The first day back to school for BUSD Ruth Acty Elementary school after over a year of lockdown resulting from the COVID 19 pandemic, March 29, 2021 Photo: Pete Rosos
The first day back to school for BUSD Ruth Acty Elementary school last year, March 29, 2021. File photo: Pete Rosos

Berkeley Unified will drop its indoor mask mandate March 14. The change comes a week after California Public Health announced new guidelines that say masks should be strongly recommended but not required in schools.

Last week, BUSD said it would wait to confer with Berkeley’s health department and its labor unions before making a decision on indoor masking. Then, public health officers from Berkeley and Alameda County announced Thursday that they will allow child care settings and K-12 schools to choose whether to require masks starting March 12.

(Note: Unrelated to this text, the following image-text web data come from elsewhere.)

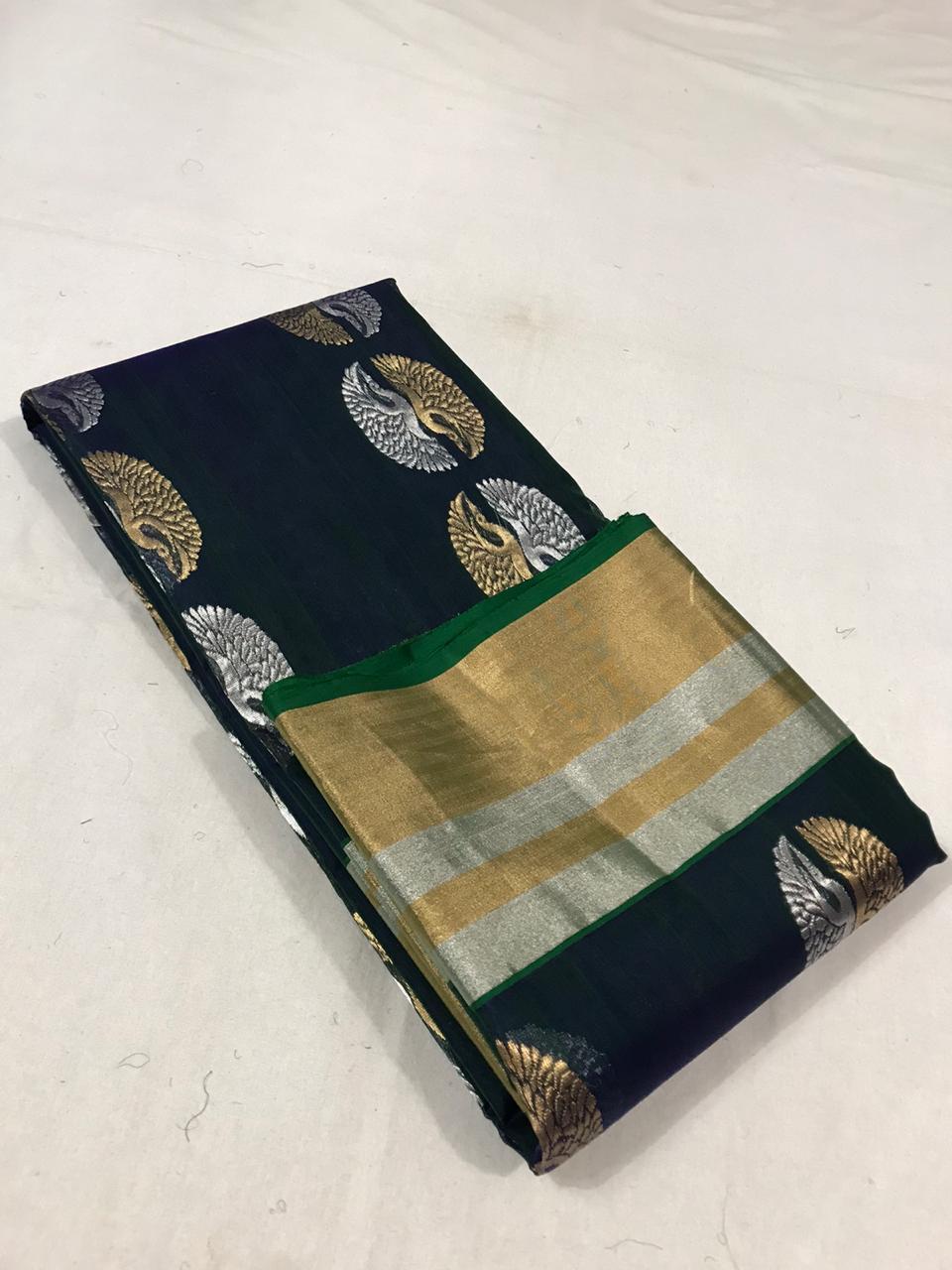 Chanderi Silk and Cotton Peacock Motif  Saree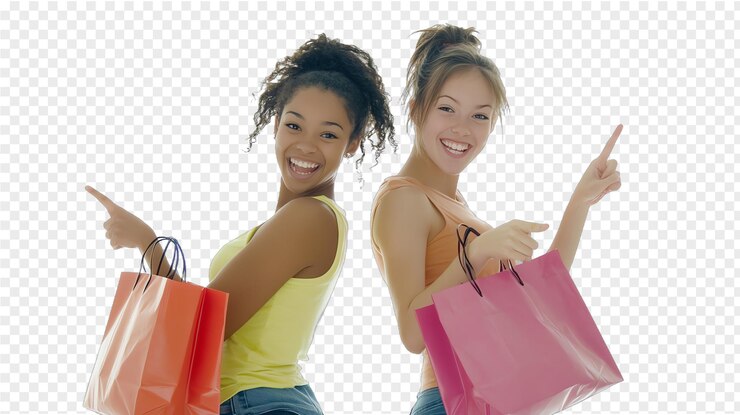 PSD dos mujeres jóvenes con bolsas de compras aisladas en un fondo transparente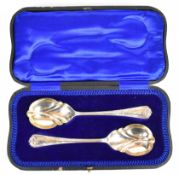 Cased pair of George V hallmarked silver serving spoons with lobed bowls, Sheffield 1911, maker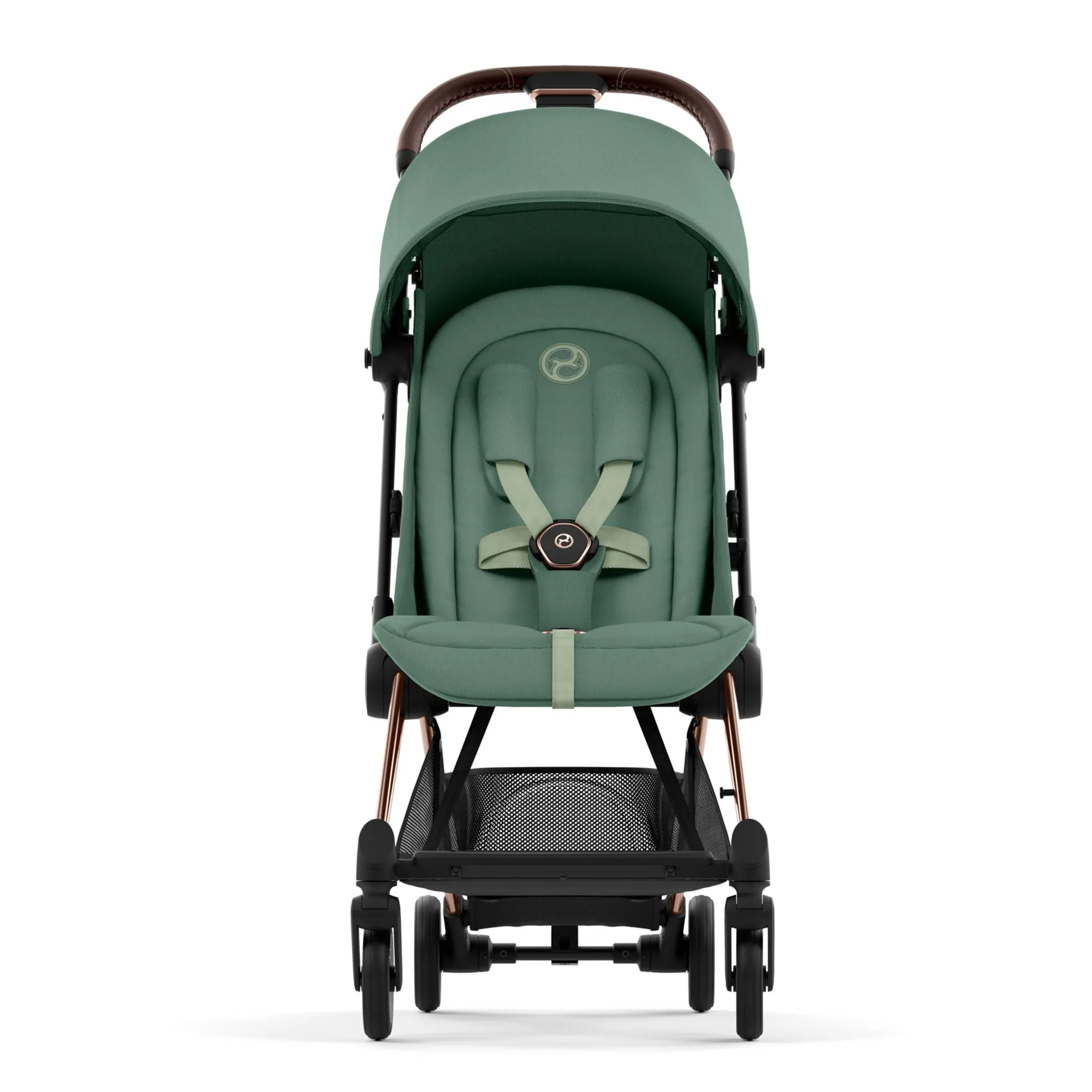 Cybex Poussette Coya - Cadre or rose avec siège vert feuillage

Lisa Hernandez, the city’s health officer, said in a statement that “changing the order to a strong recommendation” would allow “more flexibility” for schools and child care providers. The reason was declining COVID-19 cases and rates of severe illness in the community, the city said.

Now, BUSD will follow state guidelines and allow students to remove their masks indoors.

“While BUSD will strongly recommend indoor masking at all schools and district facilities through the end of the 2021-22 school year, beginning March 14, 2022, indoor masking will no longer be required for all district students and staff,” reads a policy update from Superintendent Brent Stephens included in the March 9 school board meeting materials.

Some Berkeley parents eagerly awaited the chance for students to take off their masks.

“Restoring normalcy in schools will demonstrate that BUSD is guided by sound science and will help condition the school community for a future of COVID endemicity when masks will come on and off depending on surges — but will never be permanent condition of attending school,” Berkeley parent David Freeling wrote in the Facebook group for Open Schools Berkeley, an advocacy group that lobbied the district to reopen schools last year.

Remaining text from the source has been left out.